【発達障がい支援】集団適応力とは | ソーシャルスキルトレーニングVR

2021.02.22

発達障害には、自分の周囲に行動を合わせられないといった集団適応力の欠如という症状があります。特徴としては、集中力が続かないことと、相手に合わせて行動できないことなどが挙げられます。 学校で集団生活を送る上でも問題になることが多く、社会生活に適応することも難しいので、早い内から改善を心がけることが重要です。今回は集団適応力の概要と、支援する立場でできることを解説します。 私たちは社会の一員として、集団の中でコミュニケーションをとりながら生活しています。こうした社会性は最初から身についたものではなく、幼稚園から学校までの集団生活の中で徐々に獲得する「集団適応力」に関わっています。 学校生活でも社会に出てからでも、集団の中では一定のルールを守らなければなりません。ところが集団適応力が発達しないと、社会的ルールを理解できないことや、強いこだわりや思い込みによって、ルールに合わない行動をとってしまう場合があります。適切な集団適応力を備えていることは、社会生活をおくる上で非常に重要なことなのです。 集団適応力が欠けていると、子どもたちの社会の中でも問題が生じてしまいます。まずはその問題点の内容と、支援する立場として対処する方法について考えてみましょう。 集団適応力が欠けていると、大小さまざまな問題が生じることがあります。例えば、周囲の子どもたちに迷惑な他害行動です。周りの子どもを不安にさせるのみならず、当人が集団への参加しにくくなり、大きな問題にも発展する可能性があります。また、自分の意思が通らない時に、衝動的に走り出したり、部屋から飛び出したりする行動を起こすことも考えられます。

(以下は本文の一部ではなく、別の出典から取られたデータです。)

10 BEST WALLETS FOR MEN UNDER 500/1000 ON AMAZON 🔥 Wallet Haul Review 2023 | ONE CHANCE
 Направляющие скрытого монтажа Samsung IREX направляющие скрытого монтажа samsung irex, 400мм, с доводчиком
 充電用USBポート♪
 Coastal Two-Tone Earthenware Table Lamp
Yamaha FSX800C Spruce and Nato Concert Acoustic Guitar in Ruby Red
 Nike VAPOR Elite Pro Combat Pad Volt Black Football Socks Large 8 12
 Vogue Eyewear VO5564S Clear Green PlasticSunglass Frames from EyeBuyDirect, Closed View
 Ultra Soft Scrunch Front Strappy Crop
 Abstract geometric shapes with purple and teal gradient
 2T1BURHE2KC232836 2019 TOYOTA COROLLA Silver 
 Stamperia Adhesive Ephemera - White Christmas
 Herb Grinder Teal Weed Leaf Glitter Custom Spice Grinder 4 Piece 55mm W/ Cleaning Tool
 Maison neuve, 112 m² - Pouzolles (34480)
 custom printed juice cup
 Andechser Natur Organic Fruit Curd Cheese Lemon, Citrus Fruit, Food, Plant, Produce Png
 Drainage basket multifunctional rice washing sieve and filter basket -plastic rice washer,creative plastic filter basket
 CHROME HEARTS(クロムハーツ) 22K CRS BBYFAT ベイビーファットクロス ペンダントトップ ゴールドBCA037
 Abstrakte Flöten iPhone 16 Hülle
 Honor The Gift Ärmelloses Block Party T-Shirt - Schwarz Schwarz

そのため、集団としてまとまった行動がとれず、外出先で集団から離れてしまうなど、といったことが起こる可能性があります。 他にも汚物に触ったりするなど、良しとされない行動をとることや、遊びの中で喜びや怒りの感情をコントロールできないという問題行動もあります。いずれにしても周囲の子どもたちへの影響が大きく、当事者が孤立してストレスを抱えてしまうことにもなるため、早めに対策をとることが求められます。 このように集団適応力が欠けている子どもに対して、発達障害者支援の場では、「三項随伴性」を指針にして対応します。これは「問題行動が起こる前のできごと」と「問題行動」、そして「行動の結果」という3つをセットで考えながら対応する方法です。 この方法では、原因となるできごとと行動とを結びつけて観察し、問題行動の後の周囲の対応によって、結果がどのように変化するのかを確認します。 重要なのは、子どもが望ましい行動をとった時に褒めることです。問題行動を起こした場合、すぐに反応せず子どもの様子を伺います。その後、行動に対して周囲に変化がないと子どもは問題行動を起こす前に考えたり、問題行動そのものが減ったりすることもあります。 子どもの行動に変化があれば、自分から相手に「教えて」と言えるように促します。さらに教えた通りに子どもが望ましい行動をとれば、直ちに褒めたり認めたりしてあげます。子どもにとっては「教えて」という言葉の先に喜びが待っているので、問題行動が改善されることも考えられます。発達障害者支援の場では、子どもに合わせてほめ方を工夫することや、「教えて」というヘルプカードを作っておくなど、望ましい行動を引き出すための準備をすることが必要です。 集団適応力は小さいうちから、同年代の集団の中で生活しながら身につけますが、子どもの意思を尊重しすぎたり、問題行動を起こした場合の対応を間違えたりすると、子どもは問題行動を起こせば周囲が助けてくれると錯覚します。 では、こうした問題行動はどこまでが許容範囲内であって、どこから先が集団適応力の欠如と判断されるのでしょうか。それを客観的に評価する仕組みが、世界でも認められている「Vineland-II(ヴァインランド・ツー)適応行動尺度」という検査方法です。 Vineland-IIでは、0歳から92歳までの年齢層で、一般人の適応行動を基準にし、発達障害や知的障害の人の適応行動を客観的に数値化して評価することができます。医療分野だけではなく、教育や福祉分野でも活用できます。 また、適応行動を4つに大別し、それぞれ「コミュニケーション」「日常生活スキル」「社会性/対人関係」「運動スキル」に分けて評価します。さらに、この4つには下位領域の評価があり、表出言語についてはコミュニケーションの一領域として分類されます。 Vineland-IIを活用することで、発達障害者支援の現場では、子どもたちの得意分野と苦手分野を絞り込み、支援計画と支援の実践に活かすことができるでしょう。 私たちが生きていくためには、社会の中で他者と上手に付き合う社会性、つまり集団適応力が身についていると良いでしょう。発達障害者支援の現場では、早期に対応していくことが重要と言えるでしょう。